Evocação do meu pai
Lembro da fala do meu pai, também Severino Francisco, sertanejo pernambucano, como um rio corrente ou uma cachoeira, de fluência quase que ininterrupta. Ele foi uma figura quixotesca, fantástica, inverossímil. Parece ter saído diretamente de uma narrativa de cordel.
Veio para o Planalto Central com o dinheiro obtido com almanaques em versos, que escrevia, publicava e vendia. Cresceu no sertão bravio e primitivo. Era um nordestino de imaginação delirante. Lia revistas e livros de ciência, de onde assimilou uma consciência ecológica aguda.
Na década de 1950, nos tempos em que ainda era estudante ginasiano, ele já registrava a devastação das matas brasileiras em versos épicos e pungentes, que parecem escritos no século 21. Ouçamos sua voz, dramaticamente atual: “Primeiro uma machadada/e a árvore bela e copada/continua resistindo/depois, começa rangindo/feito cana na esteira/e na hora derradeira/ainda se ouve o estalo/a morte, a queda e o abalo/e adeus, mata brasileira”.
Em 1925, era um menino e assistiu, com um misto de pavor e fascínio, a chegada das chamadas volantes, os caminhões cheios de soldados para perseguir o banco do cangaceiro Lampião: “Eu era bem pequenino/quando vi um caminhão/apinhado de soldados/com os seus fuzis nas mãos/para enfrentar mato/espinho, cobra e carrapato/em busca de Lampião”.

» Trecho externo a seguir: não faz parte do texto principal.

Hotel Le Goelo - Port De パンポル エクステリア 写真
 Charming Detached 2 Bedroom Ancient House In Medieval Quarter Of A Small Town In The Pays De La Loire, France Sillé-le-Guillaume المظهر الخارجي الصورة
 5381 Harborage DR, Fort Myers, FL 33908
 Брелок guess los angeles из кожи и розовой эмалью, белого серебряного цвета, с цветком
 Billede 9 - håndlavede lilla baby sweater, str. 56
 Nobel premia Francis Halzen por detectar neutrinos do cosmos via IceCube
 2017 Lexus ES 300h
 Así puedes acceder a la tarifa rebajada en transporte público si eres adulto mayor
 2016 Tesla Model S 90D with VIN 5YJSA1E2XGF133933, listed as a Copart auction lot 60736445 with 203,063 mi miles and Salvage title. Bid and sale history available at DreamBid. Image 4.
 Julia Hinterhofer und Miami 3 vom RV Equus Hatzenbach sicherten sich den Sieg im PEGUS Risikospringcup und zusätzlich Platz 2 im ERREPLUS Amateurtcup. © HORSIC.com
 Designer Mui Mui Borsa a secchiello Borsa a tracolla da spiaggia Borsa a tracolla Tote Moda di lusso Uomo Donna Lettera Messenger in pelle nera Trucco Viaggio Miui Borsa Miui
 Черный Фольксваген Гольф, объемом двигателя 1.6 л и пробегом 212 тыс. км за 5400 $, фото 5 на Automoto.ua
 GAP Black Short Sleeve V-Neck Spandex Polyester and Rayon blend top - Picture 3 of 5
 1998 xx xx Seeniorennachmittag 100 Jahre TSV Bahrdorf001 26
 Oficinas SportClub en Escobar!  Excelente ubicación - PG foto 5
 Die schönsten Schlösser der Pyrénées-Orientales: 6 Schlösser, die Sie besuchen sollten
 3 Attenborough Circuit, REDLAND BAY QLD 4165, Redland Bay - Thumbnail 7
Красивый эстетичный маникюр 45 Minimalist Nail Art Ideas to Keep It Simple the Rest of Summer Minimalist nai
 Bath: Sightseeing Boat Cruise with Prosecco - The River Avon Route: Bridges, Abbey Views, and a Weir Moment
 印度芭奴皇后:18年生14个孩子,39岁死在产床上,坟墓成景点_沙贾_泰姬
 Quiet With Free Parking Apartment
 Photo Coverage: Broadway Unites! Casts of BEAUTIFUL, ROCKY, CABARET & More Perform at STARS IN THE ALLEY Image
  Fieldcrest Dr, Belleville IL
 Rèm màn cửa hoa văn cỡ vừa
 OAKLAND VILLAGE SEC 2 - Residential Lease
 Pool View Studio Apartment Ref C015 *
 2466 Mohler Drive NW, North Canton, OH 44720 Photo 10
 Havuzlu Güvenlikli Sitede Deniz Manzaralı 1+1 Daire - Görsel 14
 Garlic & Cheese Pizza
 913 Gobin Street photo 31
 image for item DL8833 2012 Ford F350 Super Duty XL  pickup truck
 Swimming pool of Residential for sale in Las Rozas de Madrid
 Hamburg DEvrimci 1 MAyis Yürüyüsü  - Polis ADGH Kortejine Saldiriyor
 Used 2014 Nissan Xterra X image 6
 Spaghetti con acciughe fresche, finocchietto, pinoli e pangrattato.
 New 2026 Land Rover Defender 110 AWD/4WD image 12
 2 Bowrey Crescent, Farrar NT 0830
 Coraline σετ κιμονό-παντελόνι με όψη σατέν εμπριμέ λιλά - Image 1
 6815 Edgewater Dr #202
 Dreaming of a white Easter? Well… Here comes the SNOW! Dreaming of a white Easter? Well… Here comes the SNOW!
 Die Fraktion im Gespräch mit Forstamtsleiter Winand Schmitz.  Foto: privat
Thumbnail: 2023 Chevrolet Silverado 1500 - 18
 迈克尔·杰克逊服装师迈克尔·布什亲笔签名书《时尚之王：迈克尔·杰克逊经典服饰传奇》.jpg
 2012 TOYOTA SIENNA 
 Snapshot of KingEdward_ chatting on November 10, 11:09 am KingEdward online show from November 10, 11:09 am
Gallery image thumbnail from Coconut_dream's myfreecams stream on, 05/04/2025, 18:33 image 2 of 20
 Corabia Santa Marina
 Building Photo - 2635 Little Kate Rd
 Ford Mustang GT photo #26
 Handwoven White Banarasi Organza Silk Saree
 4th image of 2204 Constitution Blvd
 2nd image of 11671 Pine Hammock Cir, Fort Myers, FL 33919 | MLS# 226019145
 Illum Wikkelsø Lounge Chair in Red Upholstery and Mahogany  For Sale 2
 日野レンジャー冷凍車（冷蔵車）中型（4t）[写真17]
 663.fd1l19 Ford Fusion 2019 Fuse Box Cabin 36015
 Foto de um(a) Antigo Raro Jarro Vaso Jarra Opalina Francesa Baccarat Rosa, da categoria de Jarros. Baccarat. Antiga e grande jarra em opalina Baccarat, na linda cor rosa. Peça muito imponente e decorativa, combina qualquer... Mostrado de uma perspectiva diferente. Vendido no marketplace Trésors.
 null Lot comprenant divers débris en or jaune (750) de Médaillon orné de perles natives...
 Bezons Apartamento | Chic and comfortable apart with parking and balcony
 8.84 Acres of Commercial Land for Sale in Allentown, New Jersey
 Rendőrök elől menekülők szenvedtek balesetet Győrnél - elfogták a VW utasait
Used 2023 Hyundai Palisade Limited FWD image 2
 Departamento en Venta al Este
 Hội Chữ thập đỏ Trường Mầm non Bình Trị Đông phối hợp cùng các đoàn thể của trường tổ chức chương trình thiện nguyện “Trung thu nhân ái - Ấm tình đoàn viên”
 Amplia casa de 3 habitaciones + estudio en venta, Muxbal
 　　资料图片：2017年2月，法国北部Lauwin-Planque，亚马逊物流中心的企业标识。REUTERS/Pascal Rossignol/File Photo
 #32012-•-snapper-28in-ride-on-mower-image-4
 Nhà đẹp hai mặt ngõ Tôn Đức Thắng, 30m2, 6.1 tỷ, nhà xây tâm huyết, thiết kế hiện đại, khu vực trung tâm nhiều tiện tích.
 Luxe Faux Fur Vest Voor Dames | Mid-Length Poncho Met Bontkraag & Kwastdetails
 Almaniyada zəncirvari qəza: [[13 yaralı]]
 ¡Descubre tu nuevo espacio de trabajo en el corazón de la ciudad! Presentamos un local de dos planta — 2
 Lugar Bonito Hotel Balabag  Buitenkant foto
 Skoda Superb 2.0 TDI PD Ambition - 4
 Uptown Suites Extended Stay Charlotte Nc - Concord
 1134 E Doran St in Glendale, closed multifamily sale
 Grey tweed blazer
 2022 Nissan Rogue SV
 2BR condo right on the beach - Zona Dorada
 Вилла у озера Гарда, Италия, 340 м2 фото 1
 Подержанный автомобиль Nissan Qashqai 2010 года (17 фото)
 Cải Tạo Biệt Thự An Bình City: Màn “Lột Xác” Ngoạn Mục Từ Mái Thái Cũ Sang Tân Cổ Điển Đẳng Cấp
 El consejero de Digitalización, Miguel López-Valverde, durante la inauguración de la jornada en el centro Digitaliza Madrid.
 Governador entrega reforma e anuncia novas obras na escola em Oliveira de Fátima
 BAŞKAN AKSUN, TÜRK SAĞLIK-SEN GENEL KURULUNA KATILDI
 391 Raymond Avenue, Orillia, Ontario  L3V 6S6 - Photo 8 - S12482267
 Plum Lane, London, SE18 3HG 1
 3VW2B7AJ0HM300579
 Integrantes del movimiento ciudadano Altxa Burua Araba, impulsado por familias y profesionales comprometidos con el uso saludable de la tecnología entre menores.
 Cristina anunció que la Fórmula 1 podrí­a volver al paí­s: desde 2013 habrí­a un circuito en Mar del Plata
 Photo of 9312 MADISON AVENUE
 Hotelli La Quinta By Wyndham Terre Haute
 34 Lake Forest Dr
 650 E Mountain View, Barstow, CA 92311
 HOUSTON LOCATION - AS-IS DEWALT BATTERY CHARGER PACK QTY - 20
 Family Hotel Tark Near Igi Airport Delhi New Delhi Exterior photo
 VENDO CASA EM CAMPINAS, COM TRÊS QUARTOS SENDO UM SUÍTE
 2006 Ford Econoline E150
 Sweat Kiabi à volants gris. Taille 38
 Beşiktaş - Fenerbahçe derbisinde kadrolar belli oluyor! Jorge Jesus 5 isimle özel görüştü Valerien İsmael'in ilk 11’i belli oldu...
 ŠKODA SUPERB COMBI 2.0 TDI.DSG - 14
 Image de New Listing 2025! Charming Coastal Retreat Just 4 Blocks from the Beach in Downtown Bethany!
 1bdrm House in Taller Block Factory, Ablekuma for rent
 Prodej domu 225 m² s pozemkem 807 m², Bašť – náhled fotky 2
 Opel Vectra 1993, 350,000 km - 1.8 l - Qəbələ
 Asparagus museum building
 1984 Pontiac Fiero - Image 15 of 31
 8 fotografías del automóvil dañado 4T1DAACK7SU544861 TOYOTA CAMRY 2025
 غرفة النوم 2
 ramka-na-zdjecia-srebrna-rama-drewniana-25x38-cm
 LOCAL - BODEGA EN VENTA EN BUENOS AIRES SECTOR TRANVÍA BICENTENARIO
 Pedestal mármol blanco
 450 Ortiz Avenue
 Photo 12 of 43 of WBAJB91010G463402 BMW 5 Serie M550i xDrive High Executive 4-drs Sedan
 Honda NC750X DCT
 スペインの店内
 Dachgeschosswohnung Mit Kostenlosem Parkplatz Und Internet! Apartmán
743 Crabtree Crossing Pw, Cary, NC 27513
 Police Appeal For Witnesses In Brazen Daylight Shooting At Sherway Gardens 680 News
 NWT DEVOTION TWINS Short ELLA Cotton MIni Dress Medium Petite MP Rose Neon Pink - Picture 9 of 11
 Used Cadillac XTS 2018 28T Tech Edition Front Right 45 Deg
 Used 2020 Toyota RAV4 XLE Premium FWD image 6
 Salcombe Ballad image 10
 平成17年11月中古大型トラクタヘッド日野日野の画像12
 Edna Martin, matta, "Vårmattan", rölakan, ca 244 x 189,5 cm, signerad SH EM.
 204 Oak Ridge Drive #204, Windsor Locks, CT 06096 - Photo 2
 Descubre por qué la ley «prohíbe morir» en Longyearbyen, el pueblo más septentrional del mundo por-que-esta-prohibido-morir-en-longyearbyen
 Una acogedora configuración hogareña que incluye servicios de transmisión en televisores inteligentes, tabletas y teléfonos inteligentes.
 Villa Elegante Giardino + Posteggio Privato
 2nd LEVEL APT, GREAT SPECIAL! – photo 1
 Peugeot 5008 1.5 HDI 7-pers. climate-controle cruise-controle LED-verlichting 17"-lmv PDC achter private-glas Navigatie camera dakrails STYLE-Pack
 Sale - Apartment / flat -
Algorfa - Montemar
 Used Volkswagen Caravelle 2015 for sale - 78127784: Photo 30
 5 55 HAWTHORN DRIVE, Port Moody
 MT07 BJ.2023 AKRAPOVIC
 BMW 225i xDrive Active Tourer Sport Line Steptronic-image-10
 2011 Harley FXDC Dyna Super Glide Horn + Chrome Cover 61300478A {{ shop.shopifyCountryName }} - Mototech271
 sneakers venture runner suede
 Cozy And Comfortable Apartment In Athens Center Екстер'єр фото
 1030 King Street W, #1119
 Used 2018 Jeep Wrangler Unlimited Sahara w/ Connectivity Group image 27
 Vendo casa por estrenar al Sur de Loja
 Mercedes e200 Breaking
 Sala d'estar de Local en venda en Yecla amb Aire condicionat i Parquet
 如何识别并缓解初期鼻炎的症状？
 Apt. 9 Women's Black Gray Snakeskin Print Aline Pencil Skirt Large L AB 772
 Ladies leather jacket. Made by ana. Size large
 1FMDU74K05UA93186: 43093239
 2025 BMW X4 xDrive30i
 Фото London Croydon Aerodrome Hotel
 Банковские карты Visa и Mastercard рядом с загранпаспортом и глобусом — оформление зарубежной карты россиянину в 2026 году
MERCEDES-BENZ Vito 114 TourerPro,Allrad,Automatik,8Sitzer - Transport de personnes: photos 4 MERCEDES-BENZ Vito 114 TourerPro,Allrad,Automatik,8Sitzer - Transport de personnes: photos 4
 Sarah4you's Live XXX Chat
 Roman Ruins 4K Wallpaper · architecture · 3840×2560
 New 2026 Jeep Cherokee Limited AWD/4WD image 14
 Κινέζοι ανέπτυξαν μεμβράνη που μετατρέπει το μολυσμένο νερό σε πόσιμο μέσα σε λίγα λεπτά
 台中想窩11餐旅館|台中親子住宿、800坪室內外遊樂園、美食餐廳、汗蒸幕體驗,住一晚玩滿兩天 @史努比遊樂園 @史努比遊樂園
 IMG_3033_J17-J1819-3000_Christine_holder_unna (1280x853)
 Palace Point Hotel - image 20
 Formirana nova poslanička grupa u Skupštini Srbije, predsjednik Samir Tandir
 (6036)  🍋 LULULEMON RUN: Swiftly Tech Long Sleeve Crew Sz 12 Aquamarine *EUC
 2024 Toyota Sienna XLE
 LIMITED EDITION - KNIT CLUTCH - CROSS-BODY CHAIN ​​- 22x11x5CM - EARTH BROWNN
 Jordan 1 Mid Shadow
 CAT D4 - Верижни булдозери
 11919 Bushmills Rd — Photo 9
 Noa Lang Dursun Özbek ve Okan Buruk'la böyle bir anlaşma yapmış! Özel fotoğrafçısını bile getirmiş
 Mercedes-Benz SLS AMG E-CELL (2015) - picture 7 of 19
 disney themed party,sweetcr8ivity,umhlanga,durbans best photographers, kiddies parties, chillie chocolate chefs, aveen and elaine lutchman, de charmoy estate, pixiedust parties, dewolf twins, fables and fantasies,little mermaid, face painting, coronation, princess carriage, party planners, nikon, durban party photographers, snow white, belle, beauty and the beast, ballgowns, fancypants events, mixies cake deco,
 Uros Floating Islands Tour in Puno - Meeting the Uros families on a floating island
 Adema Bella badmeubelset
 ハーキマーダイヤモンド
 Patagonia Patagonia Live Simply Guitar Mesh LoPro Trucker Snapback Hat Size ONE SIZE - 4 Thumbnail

Mais eis que a narrativa embica, abruptamente, para Brasília: “O soldado João Feitosa/que perseguiu Lampião/está vivo e mora em Brasília/é filho do meu sertão/me contou de viva voz/esta triste narração/lutou em Pau de Colher/é um herói sem galão/viu o sangue correr/de irmão para irmão/é um dos sobreviventes/daqueles cabras valentes/que andavam pelo sertão.”
Tenho uma suspeita de que meu pai pode ter sido, senão o primeiro, um dos primeiros cronistas de Brasília. E por que faço tal afirmação? Porque antes de ser inaugurado oCorreio Braziliense, em 21 de abril de 1960, meu pai já fazia crônicas em versos sobre múltiplos aspectos da cidade.
Viu Brasília nascer e registrou a aventura nos versos, em um tom também épico: “Eis a nova capital/riscada sob medida/veremos a sua plenitude/depois dela ser construída/lago por todos os lados/beleza e vastidão/espaço e arejamento/tem léguas de pavimento/ainda cheirando a sertão”.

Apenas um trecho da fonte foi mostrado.